Let’s Get Creative With Our Prayers

by Christine Sine

Celtic retreat mural

It’s time to stir our imaginations and creativity and learn to pray in new ways. Our imagination connects us to our inner selves, to God and to the world around us. Stirring our creativity helps us dream God’s dreams and bring them into reality. It helps us to focus our prayer energy, and frees us from the limits of prayer forms that have become rote and stale. It gives us permission to venture into the unknown realm of God’s imaginative, creative power.

Painting designs on rocks

During Lent and Easter, I reminded us that the good news of the gospel is God’s desire to reconcile all things to God’s self. God’s plan embraces not just our inner transformation and reconciliation to God but also restoration of creation, reconciliation with neighbours and renewal wherever the image of God is distorted. Our creator has begun a process of redemption to restore all things to what they were meant to be.
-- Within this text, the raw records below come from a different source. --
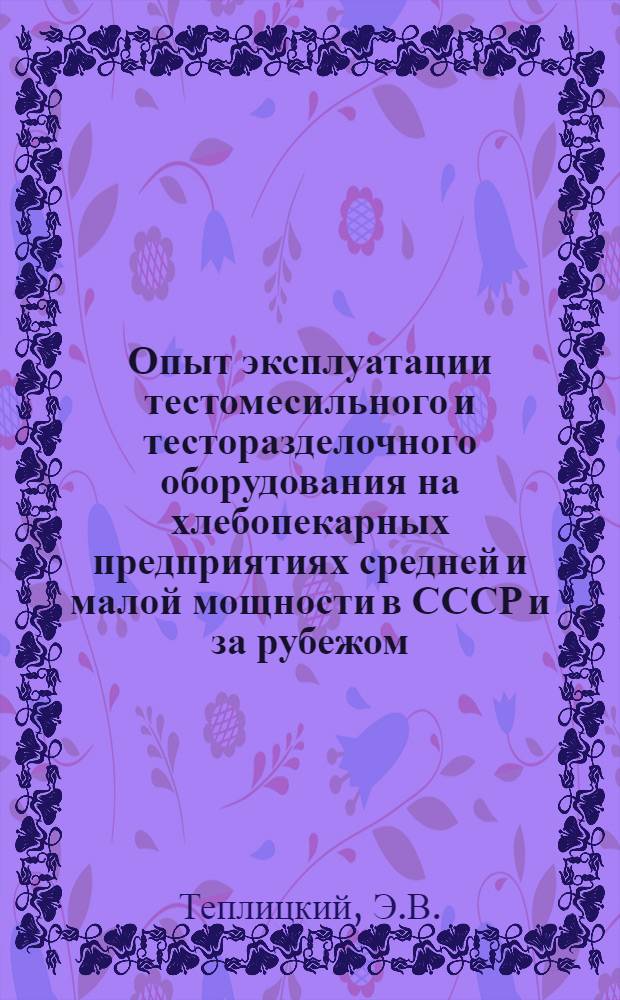 Опыт эксплуатации тестомесильного и тесторазделочного оборудования на хлебопекарных предприятиях средней и малой мощности в СССР и за рубежом : Обзор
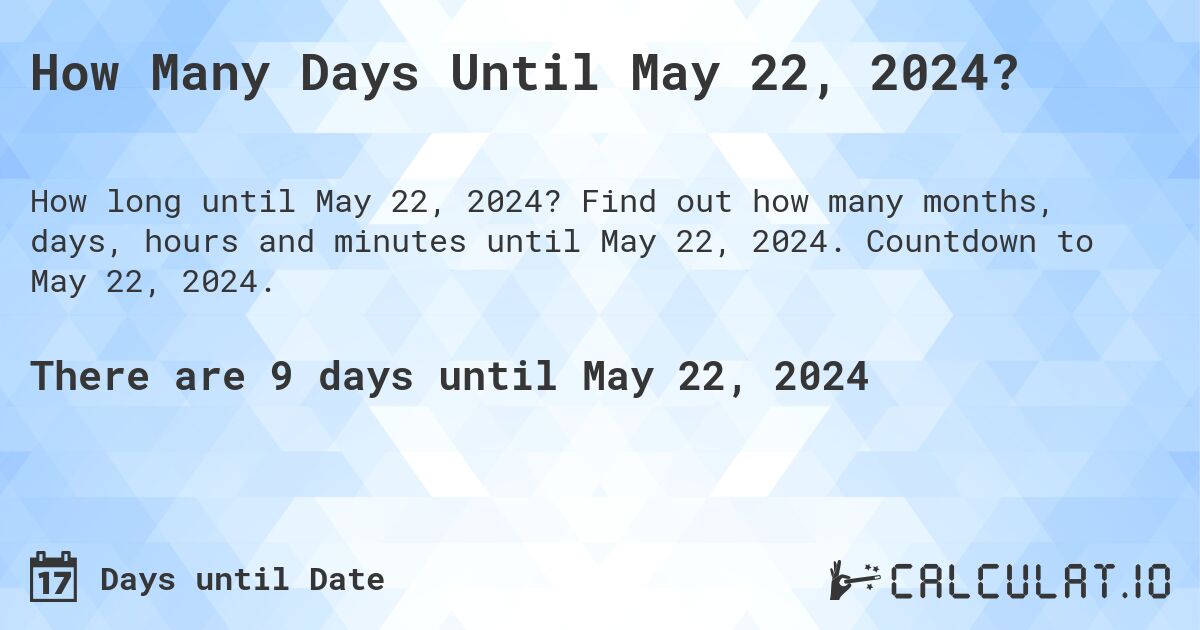 How Many Days Until May 22, 2024?. Find out how many months, days, hours and minutes until May 22, 2024. Countdown to May 22, 2024.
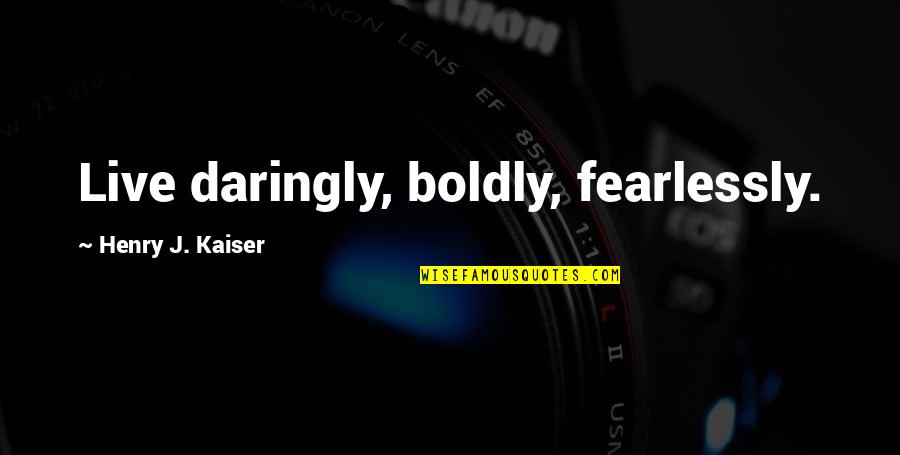 Corsano California Quotes By Henry J. Kaiser: Live daringly, boldly, fearlessly.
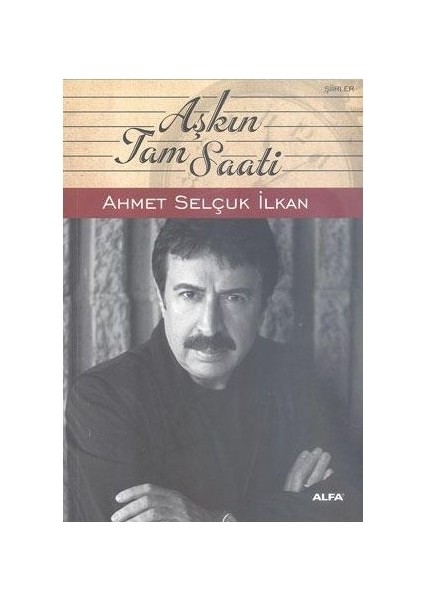 Aşkın Tam Saati - Ahmet Selçuk Ilkan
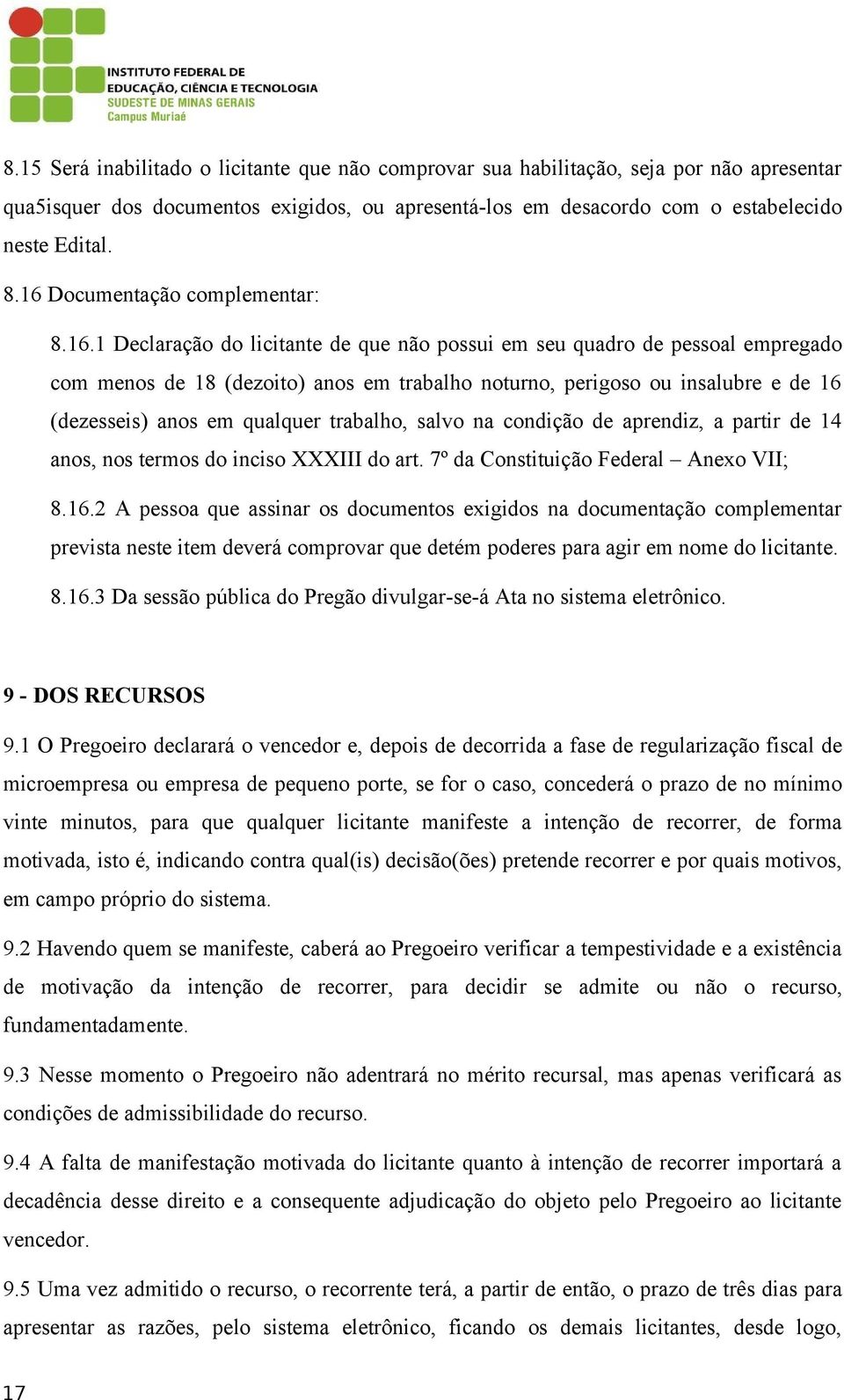 (dezesseis) anos em qualquer trabalho, salvo na condição de aprendiz, a partir de 14 anos, nos termos do inciso XXXIII do art. 7º da Constituição Federal Anexo VII; 8.16.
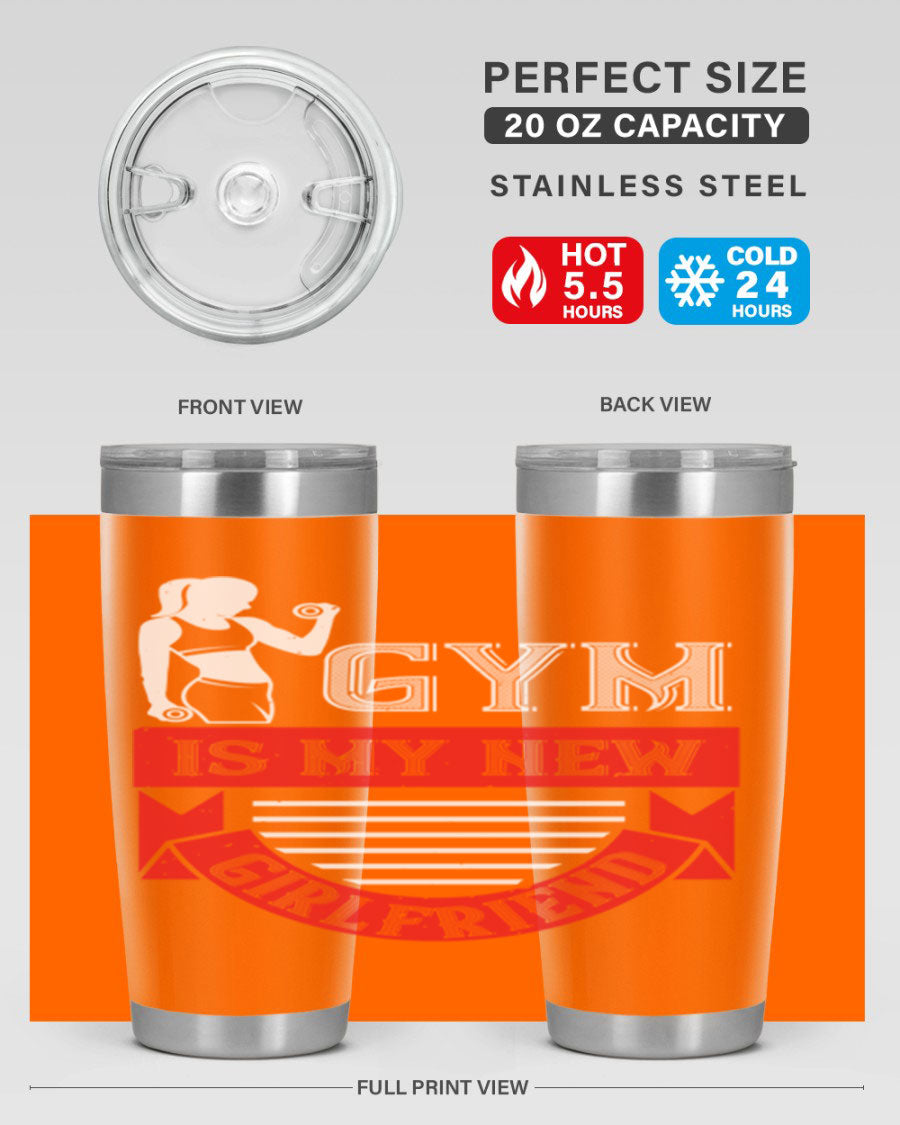 A stylish 'Gym is My New Girlfriend' tumbler made of stainless steel, featuring a vibrant print and a drink-thru lid, perfect for workouts.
I quoted from Kerry Dearborn’s inspiring book Drinking from the Wells of New Creation: The Holy Spirit and the Imagination in Reconciliation. She explains that it is the imagination that opens the heart’s floodgates to both receive the Spirit’s love and release it to others so that we can enter into the reconciling work of God. It breaks down old ways of seeing the world, offers us a new vision of life and hope, reshaping our desires and expectations around God’s vision of reconciliation and connects heart, mind and body to this new vision and catalyzes responses. (69)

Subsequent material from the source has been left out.